Given the distinction between impulsive choice and action, it is important to understand what aspects of impulsivity the DIAS captures. For instance, studies on impulsive action have not demonstrated relationships with DIAS [@Mitcham.2015; @Brucks.etal.2017a; @Cavalli.etal.2018]. Research using measures of impulsive choice such as intertemporal choice [@Wright.etal.2012a; @Riemer.etal.2014] and spatial impulsivity [@Brady.etal.2018] have shown a relationship with DIAS; however, others have failed to show relationships in these types of impulsive choice tasks [@Fagnani.etal.2016a; @Brucks.etal.2017b; @Mongillo.etal.2019]. The items included in the behavioral regulation component of DIAS ask owners generally about whether their dogs are impulsive, are patient, are persistent, think before they act, demonstrate repetitive behaviors, have control over how they respond, and calm down quickly after getting excited. Interestingly, these items tend to be either rather general or vague terms (impulsive, patient) or refer to impulsive action (think before they act, have control over responses). Thus, one might not expect strong relationships with measures of impulsive choice, especially spatial impulsivity, which has minimal connection to the items in the DIAS. Without a stronger connection between DIAS and behavioral measures of impulsivity, it is difficult to use the DIAS or the impulsivity tasks in an applied setting, for instance, to make recommendations about using either measure as information for finding an appropriate home for a dog.

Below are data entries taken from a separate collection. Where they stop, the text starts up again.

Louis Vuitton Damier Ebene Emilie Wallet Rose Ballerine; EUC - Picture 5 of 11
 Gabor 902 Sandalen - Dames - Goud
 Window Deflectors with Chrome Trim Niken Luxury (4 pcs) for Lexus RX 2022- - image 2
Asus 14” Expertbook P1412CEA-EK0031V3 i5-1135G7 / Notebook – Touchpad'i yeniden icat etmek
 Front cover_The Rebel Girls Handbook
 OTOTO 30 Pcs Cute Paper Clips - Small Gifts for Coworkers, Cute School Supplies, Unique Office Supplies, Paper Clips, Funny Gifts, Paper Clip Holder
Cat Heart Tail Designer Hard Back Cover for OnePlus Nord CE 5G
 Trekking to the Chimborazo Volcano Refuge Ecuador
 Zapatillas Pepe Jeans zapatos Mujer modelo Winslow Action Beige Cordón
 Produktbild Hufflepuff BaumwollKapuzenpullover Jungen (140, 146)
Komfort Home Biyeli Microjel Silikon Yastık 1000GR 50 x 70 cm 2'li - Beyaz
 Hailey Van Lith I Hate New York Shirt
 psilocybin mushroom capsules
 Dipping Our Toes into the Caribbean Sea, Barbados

## Challenges and opportunities

Both direct and conceptual replications can be difficult to implement. We applaud @Brady.etal.2018 for facilitating replication by offering detailed descriptions of their methods and providing the individual data for their findings. Clear, thorough descriptions of methods are critical to providing the opportunity for others to replicate methods. We would also encourage the public posting of example videos of trials to further clarify methods. Additionally,  individual-level data provided by Brady et al. facilitated our ability to compare the studies more directly in ways that cannot be compared with simple summary statistics. Publicly available trial-level data can be even more beneficial to others, as it offers more granular levels of analysis and more flexible statistical models such as generalized linear models.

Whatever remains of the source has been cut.